Tempos de Março¹
Cinco horas da manhã, o galo já cantou no subúrbio pobre, é hora de levantar-se. Aos que aqui vivem, passar das sete na cama é um luxo dominical. Estender este luxo aos dias da semana é, decididamente, abrir mão de comer.
Renato, como não abre mão comer, ao primeiro canto do galo põe-se em pé. Orgulha-se de nunca ter chego atrasado ao trabalho, está sempre adiantado para o mesmo.
Leva, é bem verdade, uma vida distinta daquela que sonhou outrora. Ocorre-lhe, de vez em quando, que o destino fora extremamente impiedoso para com ele, porém, tais pensamentos, rapidamente são superados, pois sabe que a fome está a espreitar a sua porta, não a tempo para lamentações, é preciso comer.
Todos os dias, antes de partir para o trabalho, motivado por um amor paterno pouco comum, deita sobre o filho, órfão de mãe, uma infinidade de afagos. O pequeno, na maioria das vezes, nem sente a presença do pai, mas como o mês de março não tarda a chegar, pensa ele, é tempo de ficar esperto:
- Pai, sobrará algum este ano para o meu presente de aniversário?
- Veremos, Veremos... Agora volte a dormir, logo mais você vai à escola!
Há algum tempo que o pequeno deseja ganhar uma bola de futebol, não a ganha não por sovinagem do pai,e sim porque o dinheiro é escasso, primeiro as prioridades. Mas, neste ano, pensou o pai, um esforço terá que ser feito para poder agradar o filho. Em Os Miseráveis, Victor Hugo nos diz que privar uma menina de uma boneca é o mesmo que privá-la da infância. Com os meninos a bola ocupa este papel, tire-a deles, e estarás surrupiando-lhes a infância.

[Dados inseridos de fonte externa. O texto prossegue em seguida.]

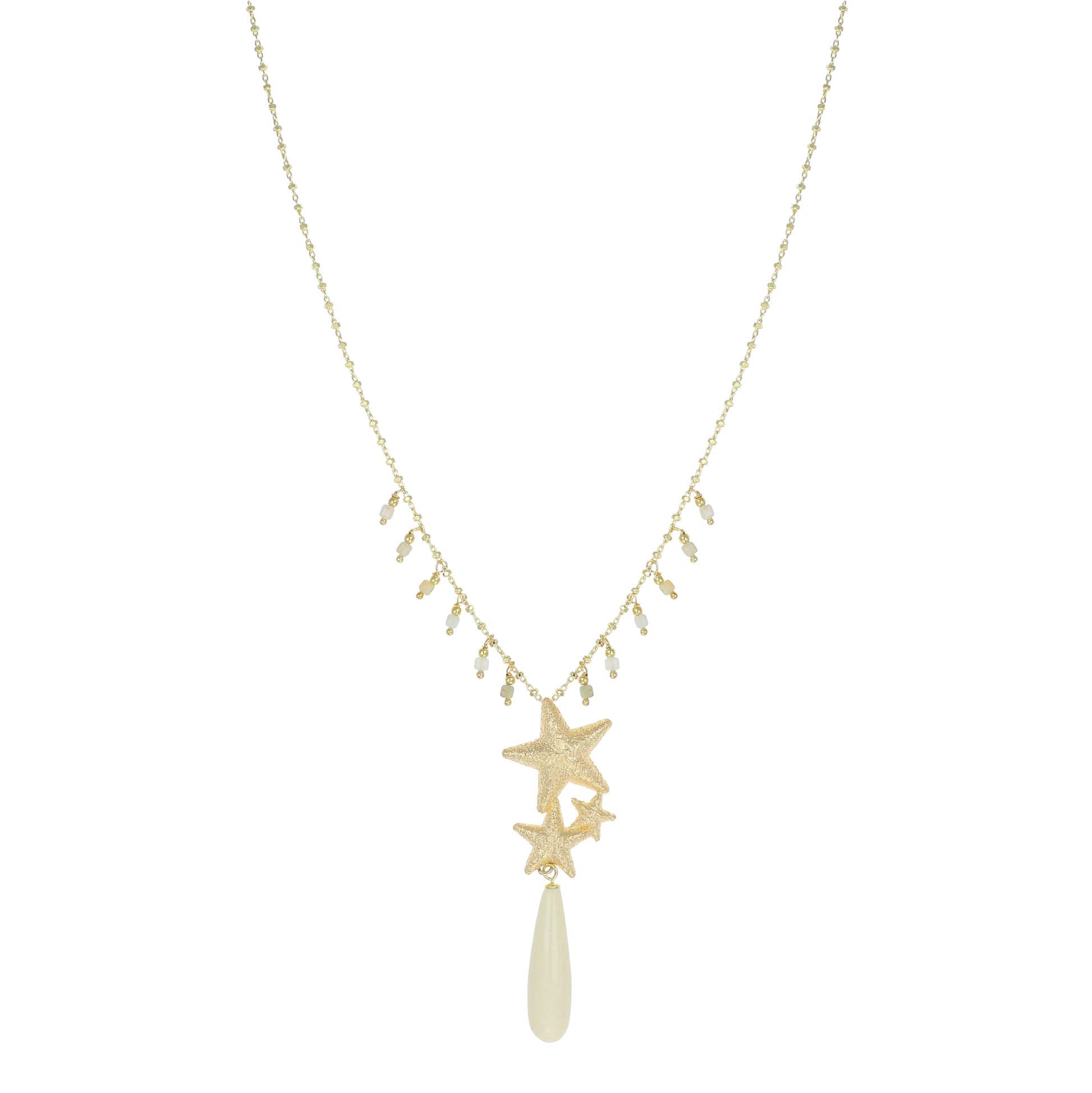 Collana Sahra NIVY con stelle diamantate e acquamarina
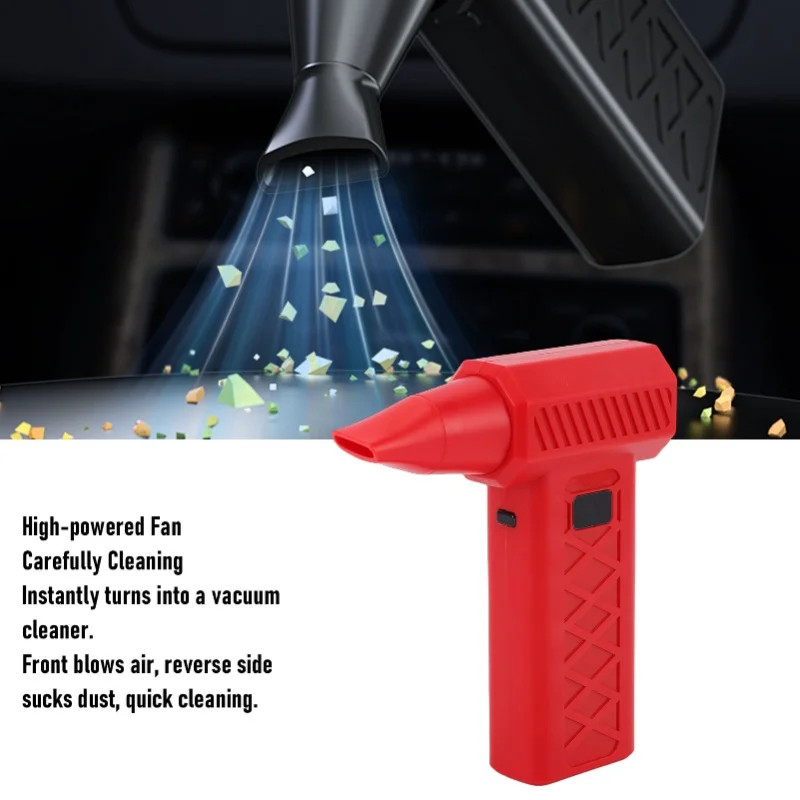 Air Duster LED Digital Display High Power High Speed Portable Electric Air Blower Duster With Emergency Light For Outdoor Travel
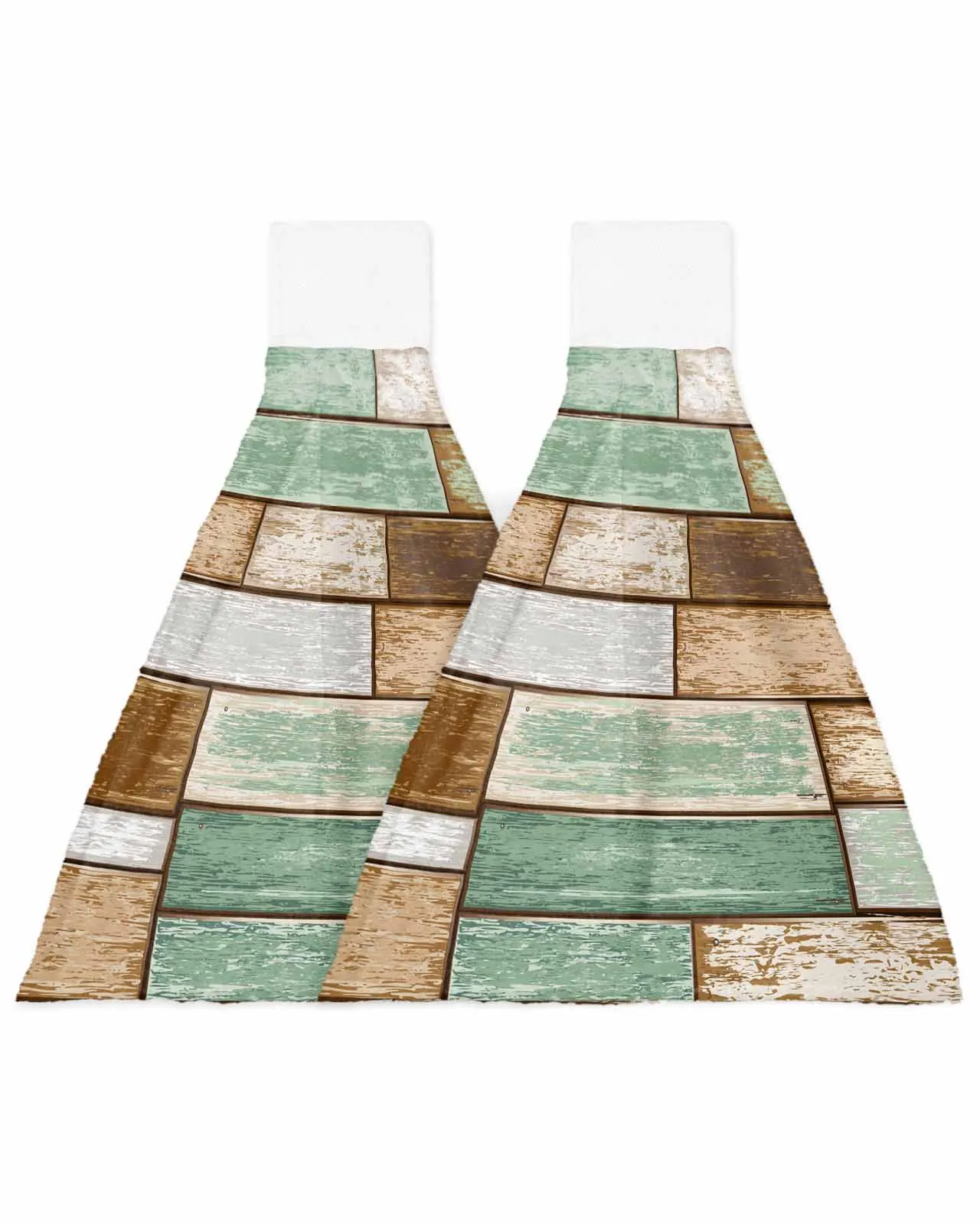 Retro Wood Board Texture Hand Towel Hanging Cloth Quick Dry Absorbent Towel Kitchen Hanging Towel Cleaning Rag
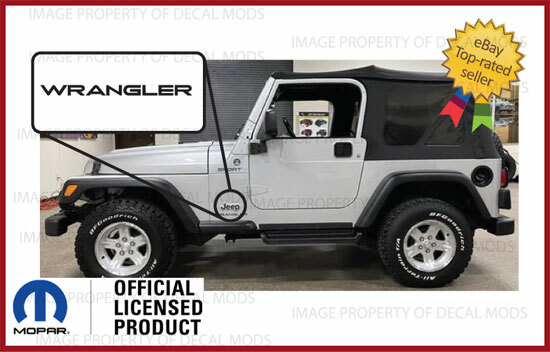 2x 1997-2006 Jeep WRANGLER fender logo TJ side decals stickers Matte Black SJ3Y2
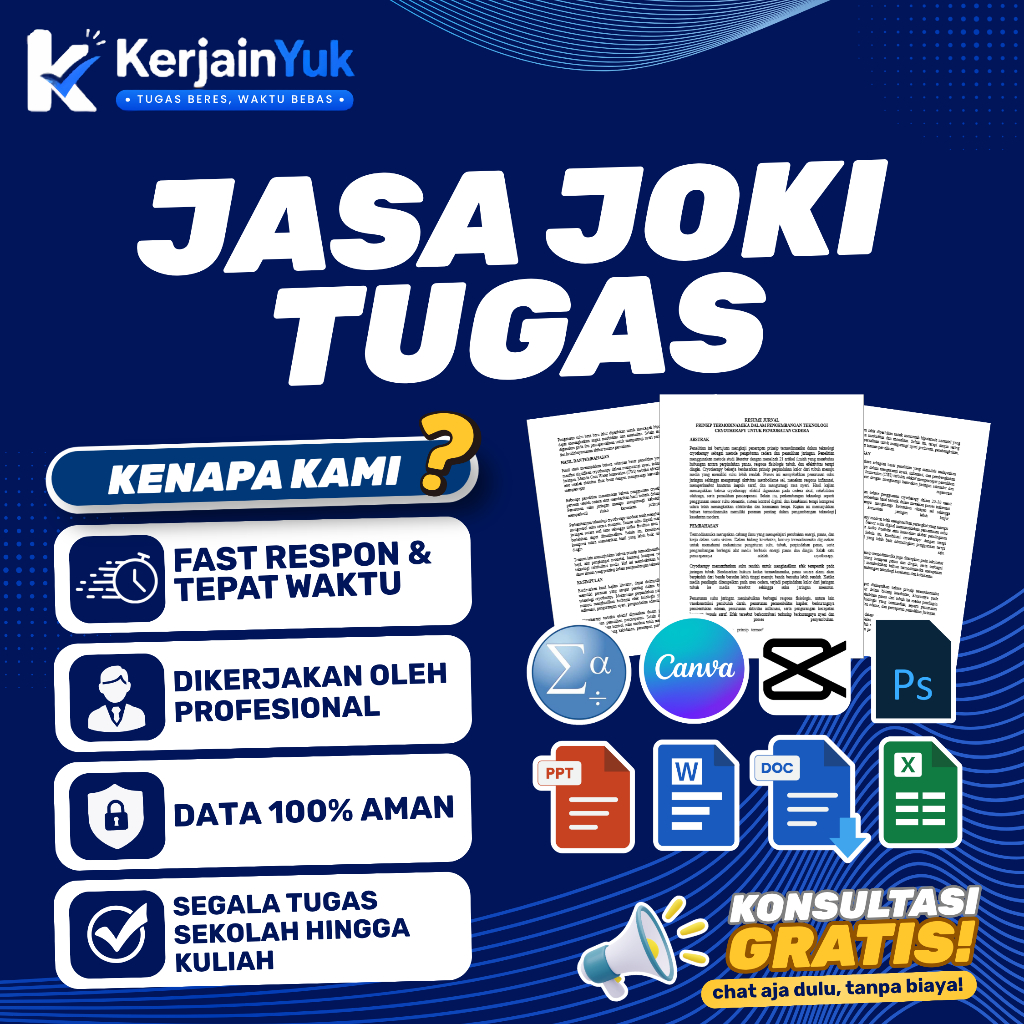 Jasa Joki Tugas Sekolah Kuliah Word Sheet PPT Desain Photo Edit Video Cepat Kilat Profesional Amanah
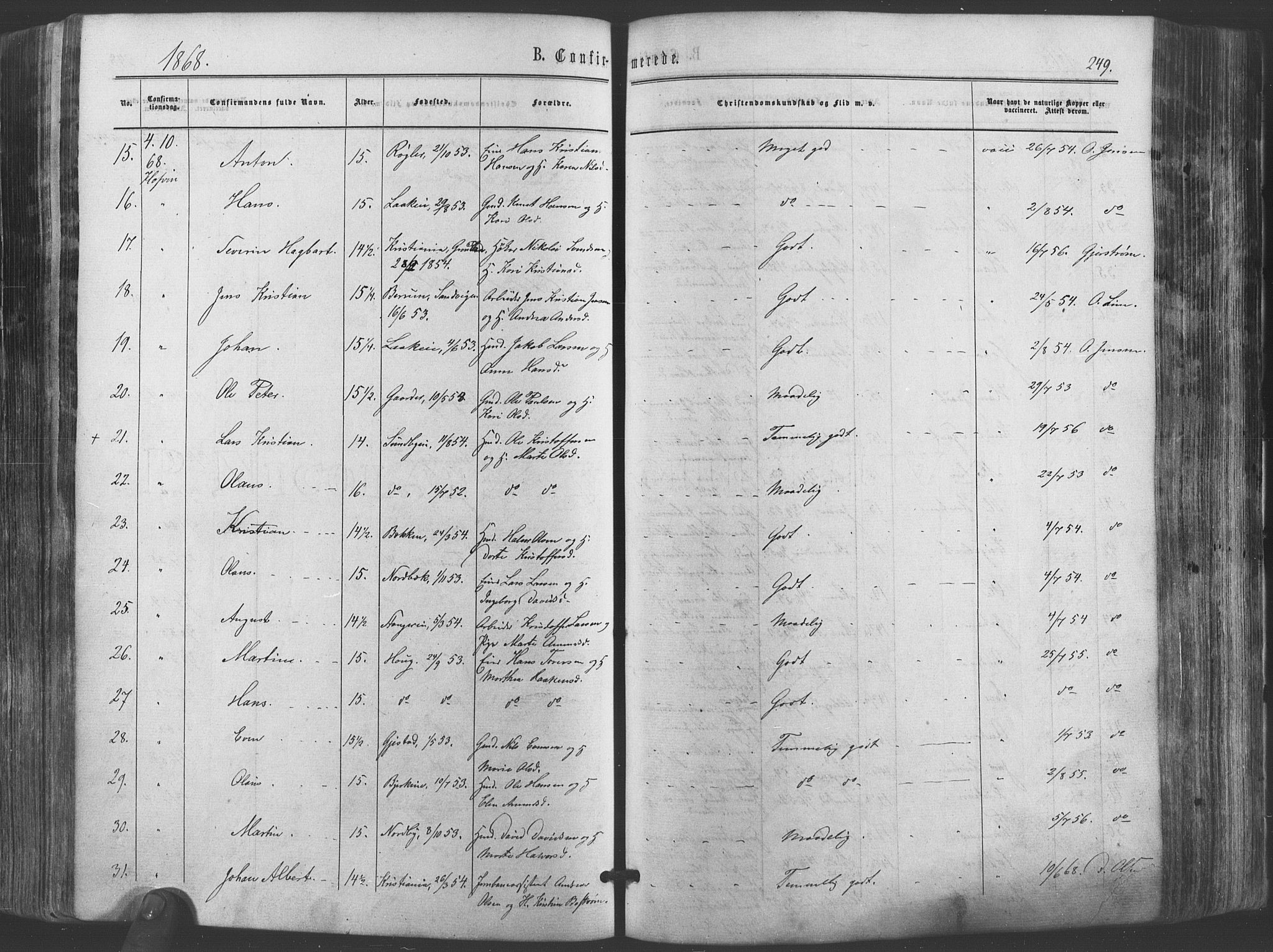 Ullensaker prestekontor Kirkebøker, AV/SAO-A-10236a/F/Fa/L0016: Parish register (official) no. I 16, 1863-1875, p. 249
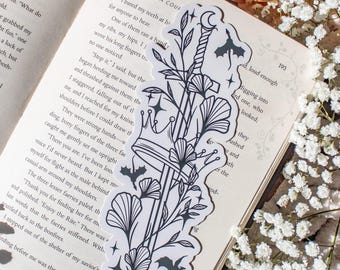 Ivory Sword Fantasy Reader Die-Cut Bookmark for Romantasy Readers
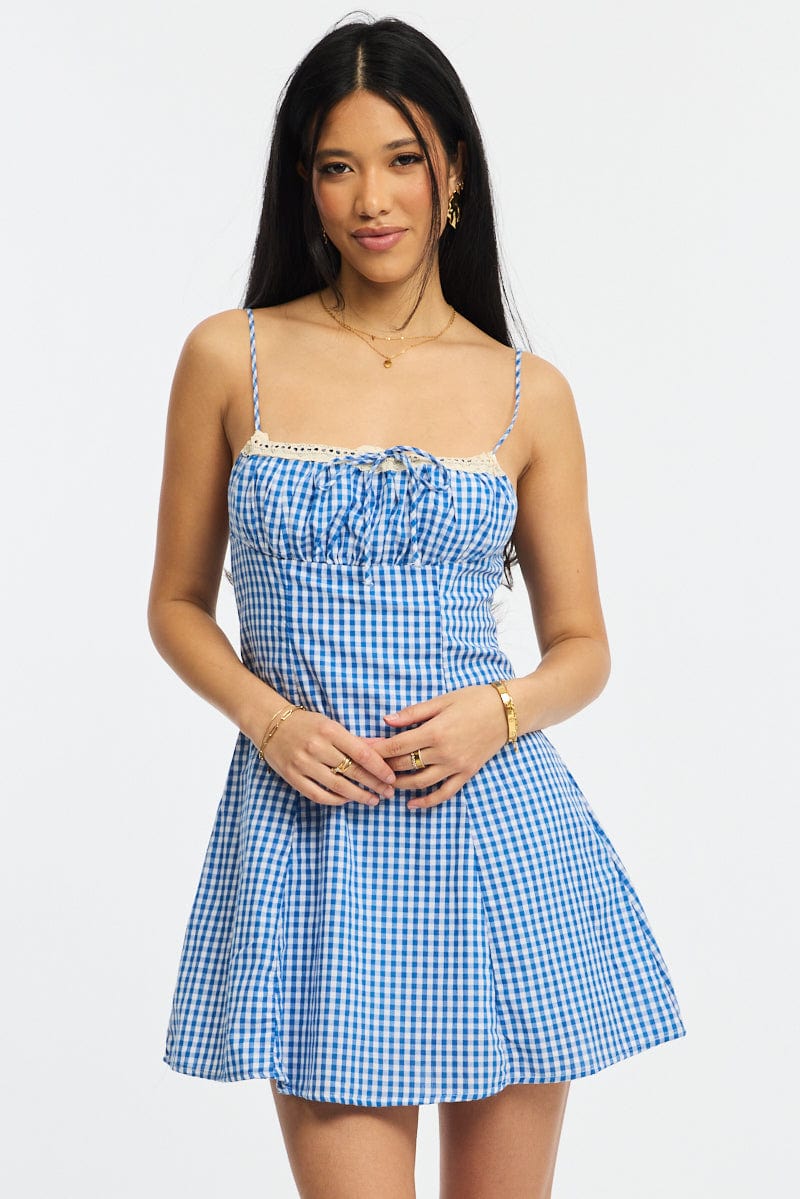 blue check mini dress Damson Madder Harlow Mini Dress | Blue/Plaid | Size 6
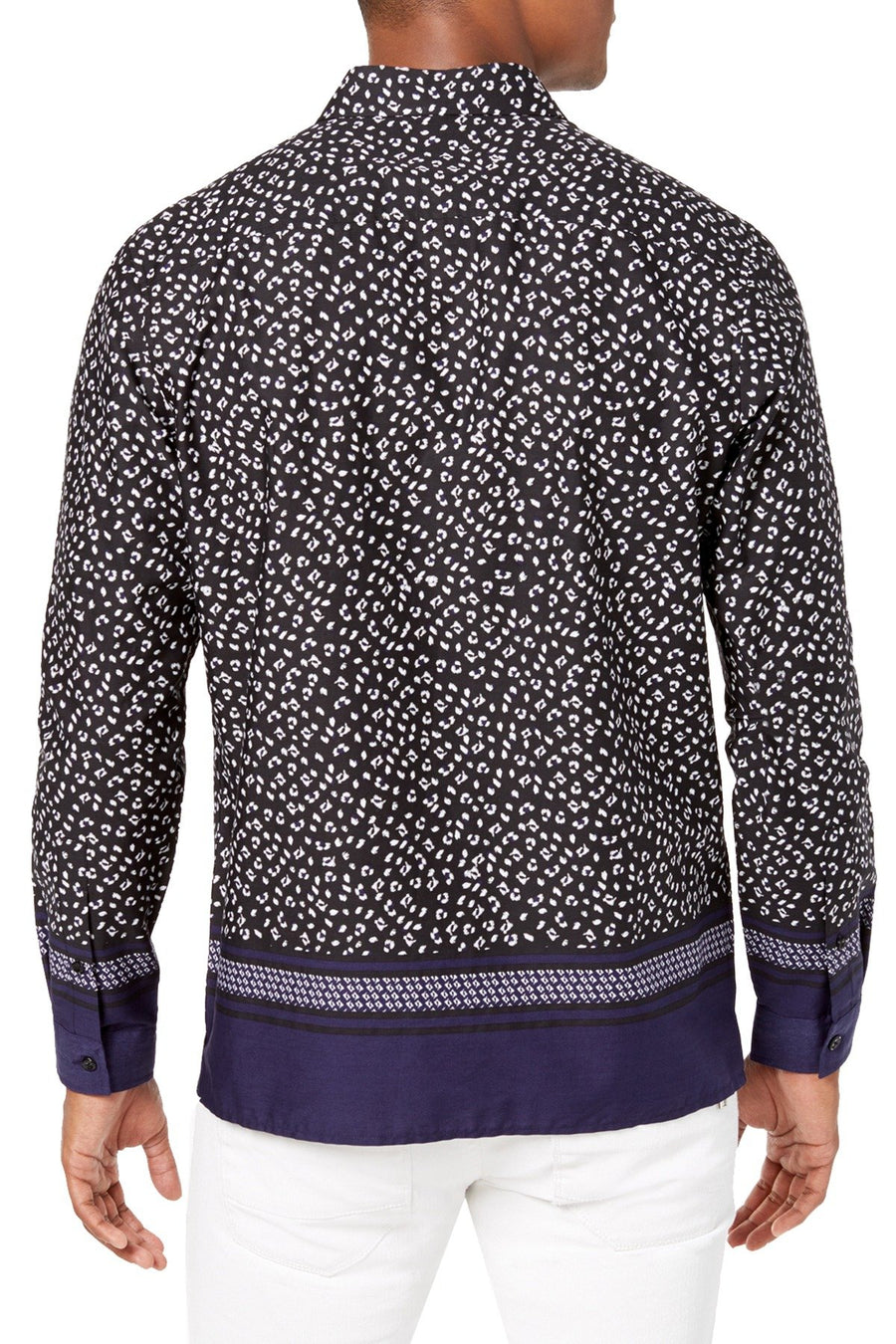 INC International Concepts Blue Combo Multi Print Shirt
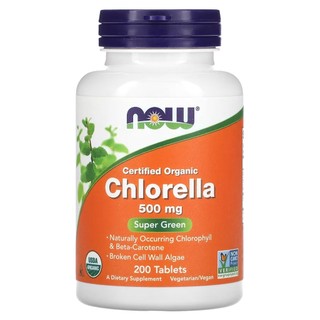 Viên tảo lục hữu cơ 500mg/Tablets NOW-Foods Organic-Chlorella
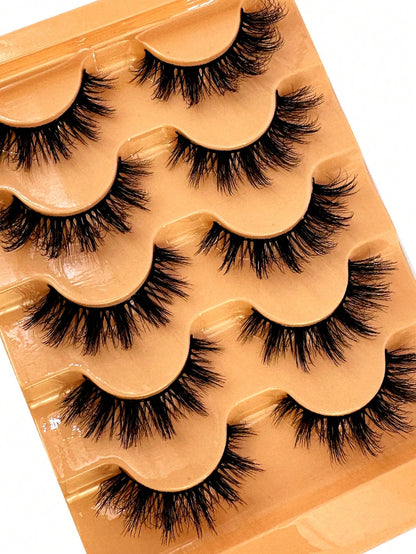 5 Pairs 5d Volume False Eyelashes, Fluffy Russian Big Curling Imitation Mink Hair Eyelashes Strip Lashes, Lashes, Eyelashes, Fake Lashes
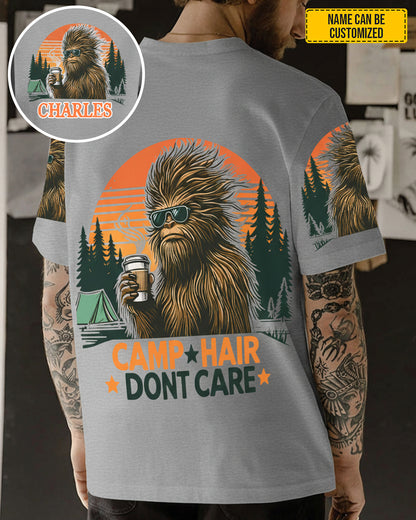 Camp Hair, Don’t Care – Personalized Bigfoot All Over Print Shirt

Renato passou longe dos bancos escolares, de modo que só lhe restou então o trabalho braçal como forma de ganhar a vida. Vende a força de seus braços em um canteiro de obras no movimentado centro da cidade. Lá, entre os companheiros de trabalho, é bem quisto, porém não escapou de receber uma alcunha dos mesmos, é conhecido como o "unha de fome". Até certo ponto tal apelido se justifica, pois é sabido que entre àqueles em que a prioridade é comer, não se pode haver prodigalidades. Entretanto, há algumas semanas, evidenciou-se entre seus companheiros que sua suposta avareza alcançou maiores proporções, visto que deixou de contribuir, coisa que fazia há algumas semanas atrás, na "vaquinha" para o refrigerante da tarde. As admoestações chegam: " Homem, deixe de ser avarento, abra essa mão seu sovina", "Como você pode ser tão avaro, homem? Valha-me deus"... Resignadamente, aceita-as, não há motivo para respostas, pensa.
...
É tempos de março, mês importante. Renato, como de costume, põe-se de pé ao primeiro cantar do galo. É dia de pagamento, outro fator que motiva-lhe o dia. Dados os afagos no filho, é hora de partir ao trabalho.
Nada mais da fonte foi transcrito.